Gawyn irkildi, Elayne yutkundu. Kendine hakim bir tavırla hemen elbisesindeki desenleri silmeye başladı. Birkaç kabuk parçasını silkelemek dışında, çabası pek işe yaramadı.

“Leydim hazırsa?” dedi Tallanvor memnun bir tavırla. “Lordum?”

Askerler, çevrelerinde boş bir kutu oluşturarak Tallandor’un önderliğinde taş döşeli yolda ilerlemeye başladı. Gawyn ile Elayne Rand’ın iki yanında yürüyordu. İkisi de nahoş düşünceler içinde kaybolmuş gibiydi. Askerler kılıçlarını kınlarına, oklarını sadaklarına sokmuştu, ama ellerinde silah varmışçasına tetikteydiler. Rand’ı, sanki her an kılıcını çekip savaşarak özgürlüğüne kavuşmaya çalışacakmış gibi izliyorlardı.

Herhangi bir şey denemek mi? Hiçbir şey denemeyeceğim.

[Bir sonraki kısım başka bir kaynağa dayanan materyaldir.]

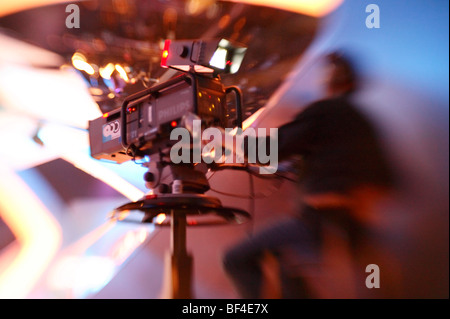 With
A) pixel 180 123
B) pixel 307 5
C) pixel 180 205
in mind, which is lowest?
pixel 180 205

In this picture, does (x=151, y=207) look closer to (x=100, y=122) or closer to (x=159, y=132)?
(x=159, y=132)

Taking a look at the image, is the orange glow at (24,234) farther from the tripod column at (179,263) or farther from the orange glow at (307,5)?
the orange glow at (307,5)

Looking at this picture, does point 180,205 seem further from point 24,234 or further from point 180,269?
point 24,234

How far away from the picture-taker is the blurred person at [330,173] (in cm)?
129

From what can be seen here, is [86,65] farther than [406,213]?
Yes

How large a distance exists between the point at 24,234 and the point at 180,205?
142 cm

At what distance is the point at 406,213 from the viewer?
121cm

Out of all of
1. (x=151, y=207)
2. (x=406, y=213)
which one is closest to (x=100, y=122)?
(x=151, y=207)

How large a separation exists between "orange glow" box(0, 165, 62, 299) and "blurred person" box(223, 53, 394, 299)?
4.46 ft

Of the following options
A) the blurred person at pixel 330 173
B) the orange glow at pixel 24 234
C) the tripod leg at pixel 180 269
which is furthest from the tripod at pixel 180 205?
the orange glow at pixel 24 234

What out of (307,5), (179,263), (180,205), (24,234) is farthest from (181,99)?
(24,234)

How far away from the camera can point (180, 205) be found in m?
1.05

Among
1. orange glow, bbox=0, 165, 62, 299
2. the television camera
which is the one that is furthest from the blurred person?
orange glow, bbox=0, 165, 62, 299

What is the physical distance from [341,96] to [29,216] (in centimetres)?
176
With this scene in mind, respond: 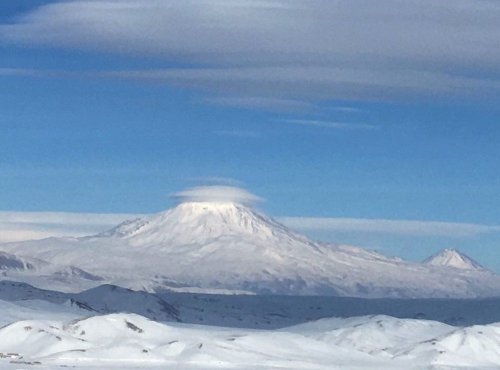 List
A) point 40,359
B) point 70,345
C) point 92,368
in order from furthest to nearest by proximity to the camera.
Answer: point 70,345
point 40,359
point 92,368

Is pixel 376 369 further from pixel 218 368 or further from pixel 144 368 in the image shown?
pixel 144 368

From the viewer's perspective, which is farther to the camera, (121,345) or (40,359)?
(121,345)

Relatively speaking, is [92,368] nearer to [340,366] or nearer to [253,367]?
[253,367]

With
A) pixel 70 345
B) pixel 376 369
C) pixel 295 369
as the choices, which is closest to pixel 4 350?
pixel 70 345

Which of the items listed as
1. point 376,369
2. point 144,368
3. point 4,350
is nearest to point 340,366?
point 376,369

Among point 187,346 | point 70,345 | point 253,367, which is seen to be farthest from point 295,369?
point 70,345

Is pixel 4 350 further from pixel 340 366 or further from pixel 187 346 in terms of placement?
pixel 340 366

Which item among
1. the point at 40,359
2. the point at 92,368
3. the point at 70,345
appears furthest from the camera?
the point at 70,345

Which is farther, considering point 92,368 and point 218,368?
point 218,368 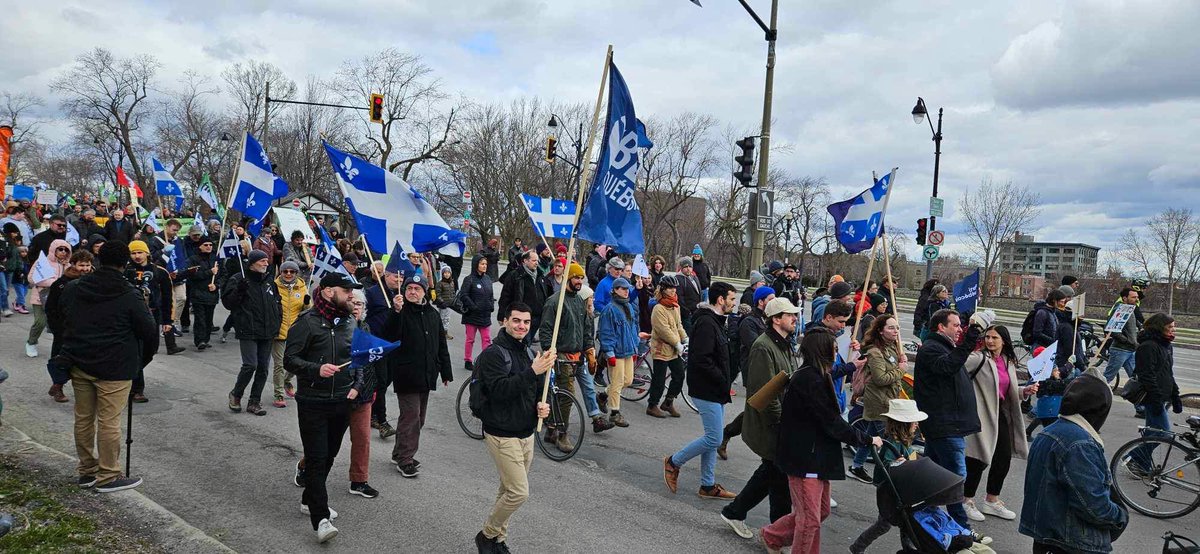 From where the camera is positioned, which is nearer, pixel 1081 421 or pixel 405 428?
pixel 1081 421

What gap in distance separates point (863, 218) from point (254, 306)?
7011mm

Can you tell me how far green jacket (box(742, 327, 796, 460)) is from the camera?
4.91 m

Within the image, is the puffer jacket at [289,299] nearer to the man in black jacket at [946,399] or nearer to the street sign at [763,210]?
the man in black jacket at [946,399]

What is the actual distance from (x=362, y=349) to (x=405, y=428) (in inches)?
54.0

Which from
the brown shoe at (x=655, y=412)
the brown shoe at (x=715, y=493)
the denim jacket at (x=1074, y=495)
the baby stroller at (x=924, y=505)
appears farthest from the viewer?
the brown shoe at (x=655, y=412)

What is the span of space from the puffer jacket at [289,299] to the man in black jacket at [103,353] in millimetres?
3056

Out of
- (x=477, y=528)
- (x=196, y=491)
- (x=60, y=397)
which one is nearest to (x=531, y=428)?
(x=477, y=528)

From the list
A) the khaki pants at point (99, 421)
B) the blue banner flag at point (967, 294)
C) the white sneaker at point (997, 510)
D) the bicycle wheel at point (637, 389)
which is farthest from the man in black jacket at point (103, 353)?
the blue banner flag at point (967, 294)

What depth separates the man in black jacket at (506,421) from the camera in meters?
4.45

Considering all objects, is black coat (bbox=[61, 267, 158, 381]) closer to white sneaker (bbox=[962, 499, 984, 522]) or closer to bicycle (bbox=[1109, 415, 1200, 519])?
white sneaker (bbox=[962, 499, 984, 522])

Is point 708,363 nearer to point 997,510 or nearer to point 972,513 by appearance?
point 972,513

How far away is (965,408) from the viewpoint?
5.38 meters

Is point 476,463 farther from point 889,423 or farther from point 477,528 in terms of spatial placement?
point 889,423

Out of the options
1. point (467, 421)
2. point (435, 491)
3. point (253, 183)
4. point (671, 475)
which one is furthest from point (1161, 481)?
point (253, 183) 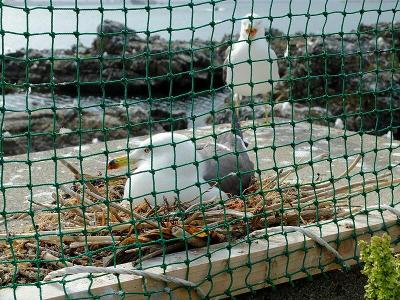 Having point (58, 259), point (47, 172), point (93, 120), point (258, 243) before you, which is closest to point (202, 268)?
point (258, 243)

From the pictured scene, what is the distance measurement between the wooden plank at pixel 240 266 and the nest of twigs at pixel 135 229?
5 centimetres

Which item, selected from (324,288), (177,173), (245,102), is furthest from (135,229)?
(245,102)

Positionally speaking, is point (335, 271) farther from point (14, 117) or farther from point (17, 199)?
point (14, 117)

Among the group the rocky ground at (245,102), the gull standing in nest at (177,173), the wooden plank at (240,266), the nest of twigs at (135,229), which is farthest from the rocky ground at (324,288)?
the rocky ground at (245,102)

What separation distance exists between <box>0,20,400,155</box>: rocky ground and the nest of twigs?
30 centimetres

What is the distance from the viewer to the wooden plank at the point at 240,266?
214 cm

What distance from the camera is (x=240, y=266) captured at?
92.3 inches

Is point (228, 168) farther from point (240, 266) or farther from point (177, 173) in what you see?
point (240, 266)

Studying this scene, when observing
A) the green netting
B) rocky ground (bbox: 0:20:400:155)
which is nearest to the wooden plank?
the green netting

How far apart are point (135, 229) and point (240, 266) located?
1.19 ft

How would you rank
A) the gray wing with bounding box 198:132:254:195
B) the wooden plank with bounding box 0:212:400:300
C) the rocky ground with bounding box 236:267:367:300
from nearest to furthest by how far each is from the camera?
the wooden plank with bounding box 0:212:400:300
the rocky ground with bounding box 236:267:367:300
the gray wing with bounding box 198:132:254:195

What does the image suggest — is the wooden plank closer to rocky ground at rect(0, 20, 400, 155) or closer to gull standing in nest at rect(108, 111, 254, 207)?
gull standing in nest at rect(108, 111, 254, 207)

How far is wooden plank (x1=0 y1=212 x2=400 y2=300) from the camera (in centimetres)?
214

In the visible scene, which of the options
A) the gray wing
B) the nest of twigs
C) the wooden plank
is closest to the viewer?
the wooden plank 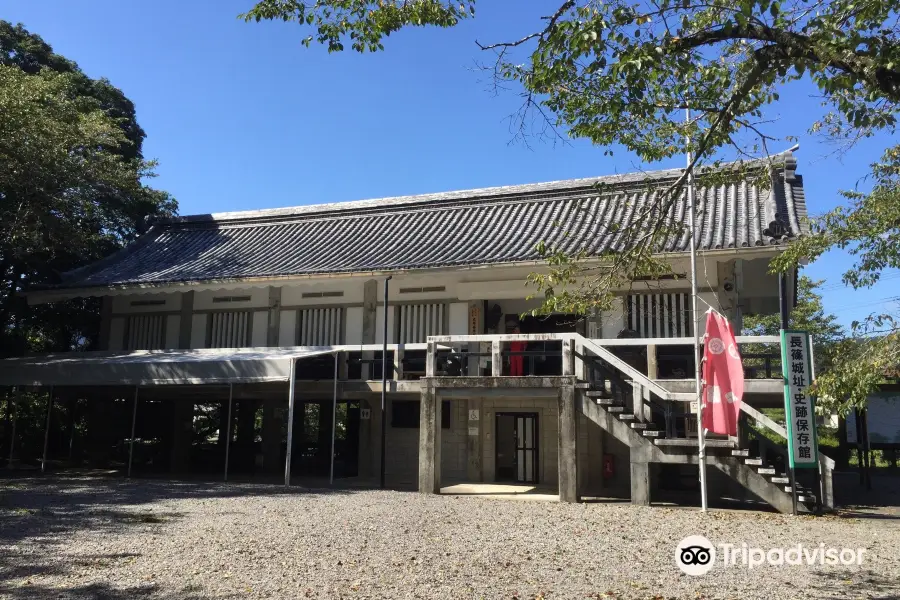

Fark edilmedenmiş! Hah!

Askerlerin kendisini izlemesini izlerken aniden bahçenin farkına vardı. Her şey birbiri ardına olmuştu, her yeni şok bir önceki solmadan gelmişti ve çevresi, duvar ve içtenlikle öte yanına geçme arzusu dışında bir bulanıklıktan başka bir şey değildi. Şimdi, daha önce zihninin gerisini gıdıklayan yeşil çimenleri görüyordu. Yeşil! Yeşilin yüz tonu. Yeşil ve canlı, yaprak ve meyve dolu ağaçlar, çalılar. Yolun üzerindeki çardakları kaplayan gür sarmaşıklar. Her yerde çiçekler. Bahçeyi renge boğan onca çiçek. Bazılarını tanıyordu –parlak altın rengi güneş-patlamaları, minik, pembe mum çiçekleri, kızıl yıldız– ateşleri ve mor Emondun Zaferleri, bembeyazdan koyu, çok koyu kırmızıya her renk gül– ama diğerleri yabancı ve o kadar sıradışı şekillere ve renklere sahipti ki, Rand gerçek olup olmadıklarını merak etti.